Question

Solve the triangle given that a=19 b=16, c=11.

Answer 1

Answer:

The angles of the triangle are approximately 87.395º, 57.271º and 35.334º.

Step-by-step explanation:

From statement we know all sides of the triangle ($a$, $b$, $c$), but all angles are unknown ($A$, $B$, $C$). (Please notice that angles with upper case letters represent the angle opposite to the side with the same letter but in lower case) From Geometry it is given that sum of internal angles of triangles equal 180º, we can obtain the missing information by using Law of Cosine twice and this property mentioned above.

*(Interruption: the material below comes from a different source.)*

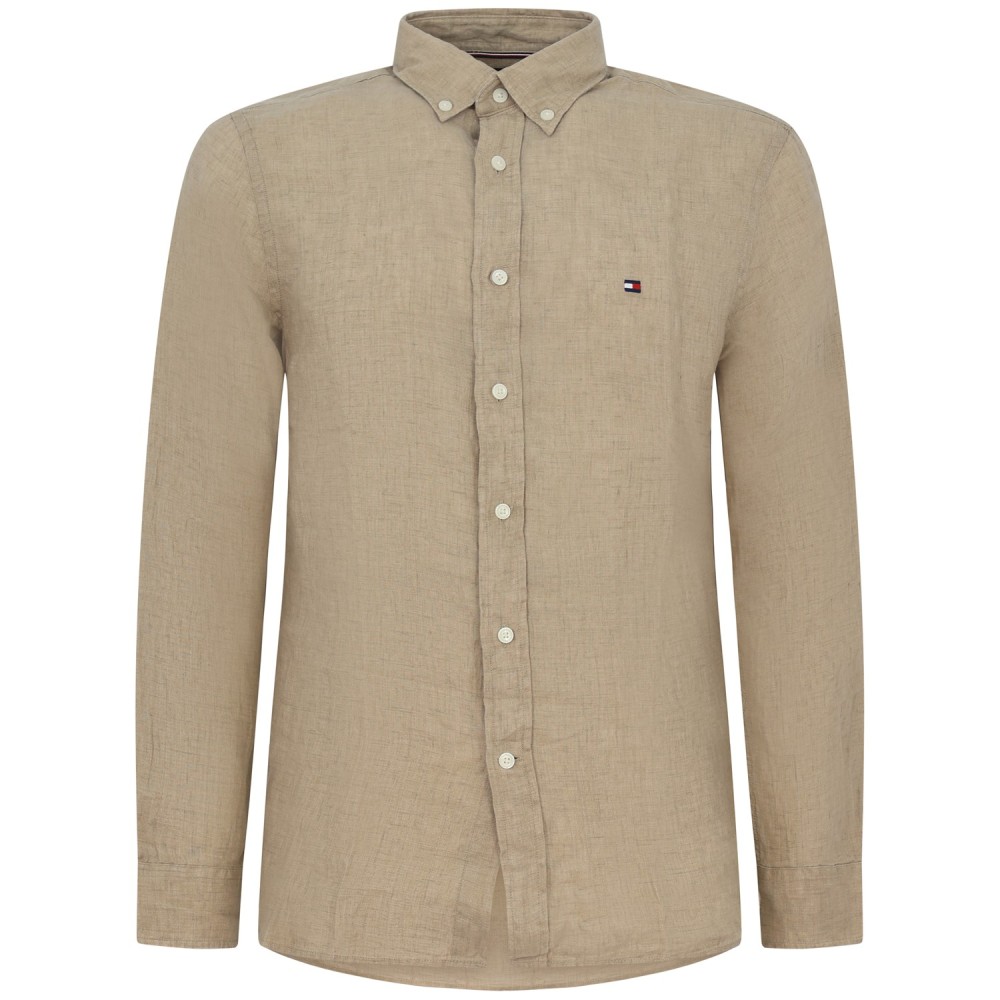 Camicia beige in lino per uomo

If we know that $a = 19$, $b = 16$ and $c = 11$, then the missing angles are, respectively:

Angle A

$a^{2} = b^{2}+c^{2}-2\cdot b\cdot c \cdot \cos A$ (1)

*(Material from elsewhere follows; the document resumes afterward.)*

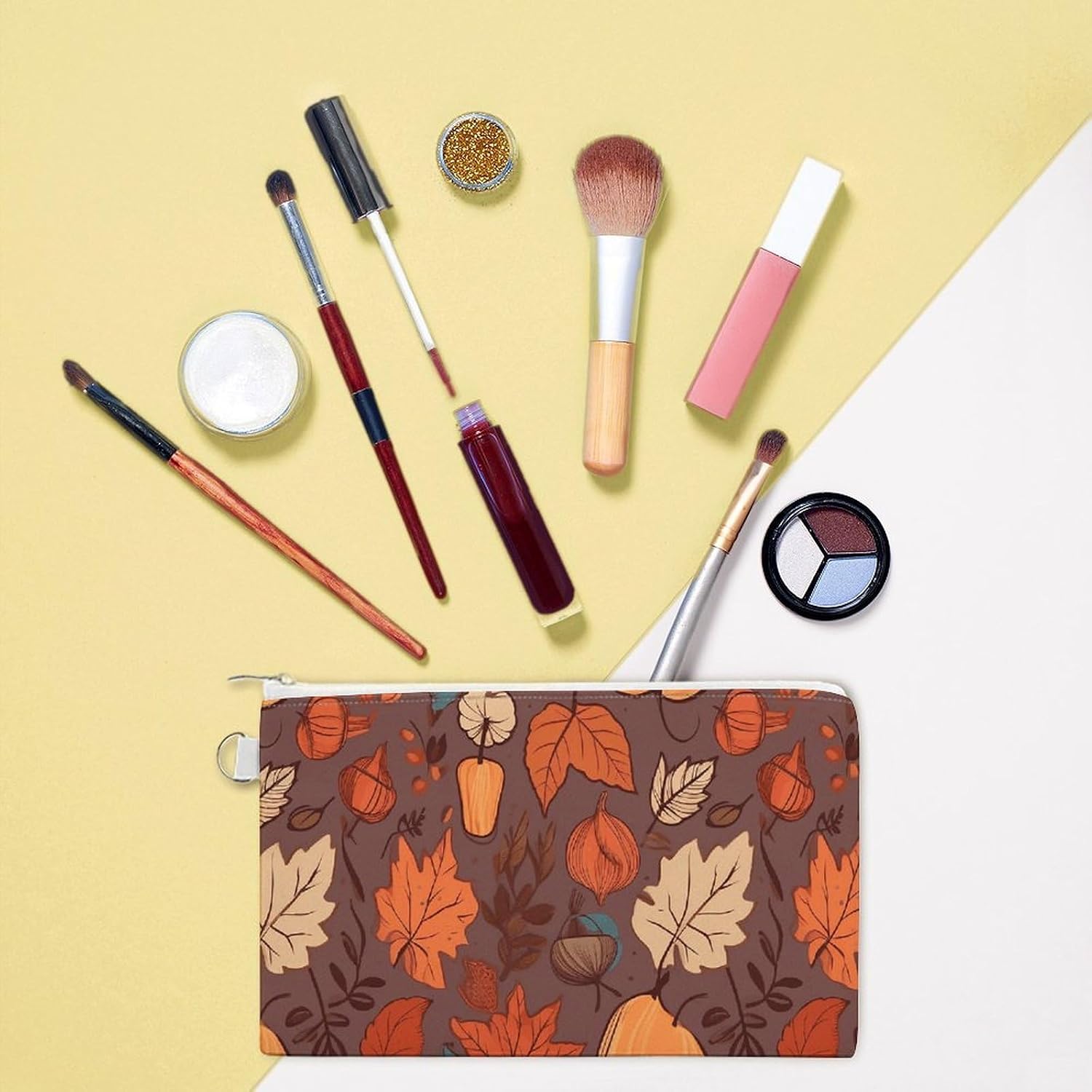 Fall Coin Purse Pouch for Men Women Travel Portable Check Wallet Zipper Bank Bag Canvas Coin Wallet Money Bag 7.4 in X 4.6 in Money Pouch Lightweight Change Holder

$A = \cos^{-1}\left(\frac{b^{2}+c^{2}-a^{2}}{2\cdot b\cdot c} \right)$

$A = \cos^{-1}\left[\frac{16^{2}+11^{2}-19^{2}}{2\cdot (16)\cdot (11)} \right]$

$A \approx 87.395^{\circ}$

Angle B

$b^{2} = a^{2}+c^{2}-2\cdot a\cdot c \cdot \cos B$ (2)

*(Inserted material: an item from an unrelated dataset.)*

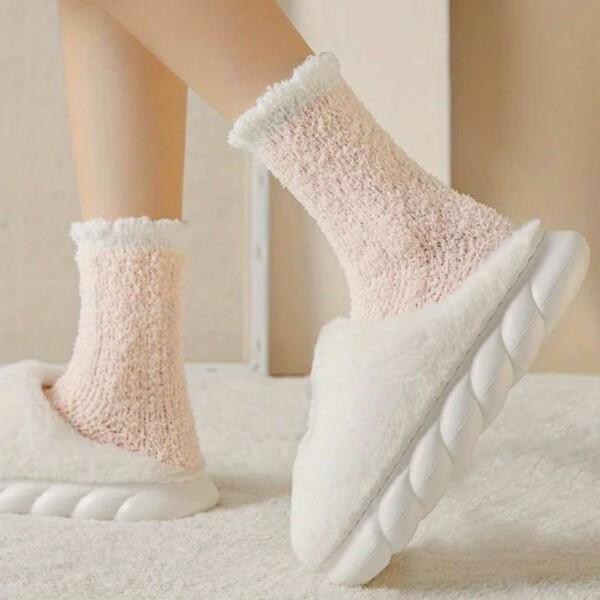 Fuzzy Rag Socks - Plysch Varm Fleece Blå blå blue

$B = \cos^{-1}\left(\frac{a^{2}+c^{2}-b^{2}}{2\cdot a\cdot c} \right)$

$B = \cos^{-1}\left[\frac{19^{2}+11^{2}-16^{2}}{2\cdot (19)\cdot (11)} \right]$

$B\approx 57.271^{\circ}$

Angle C

$C = 180^{\circ}-A-B$

$C = 180^{\circ}-87.395^{\circ}-57.271^{\circ}$

$C = 35.334^{\circ}$

The angles of the triangle are approximately 87.395º, 57.271º and 35.334º.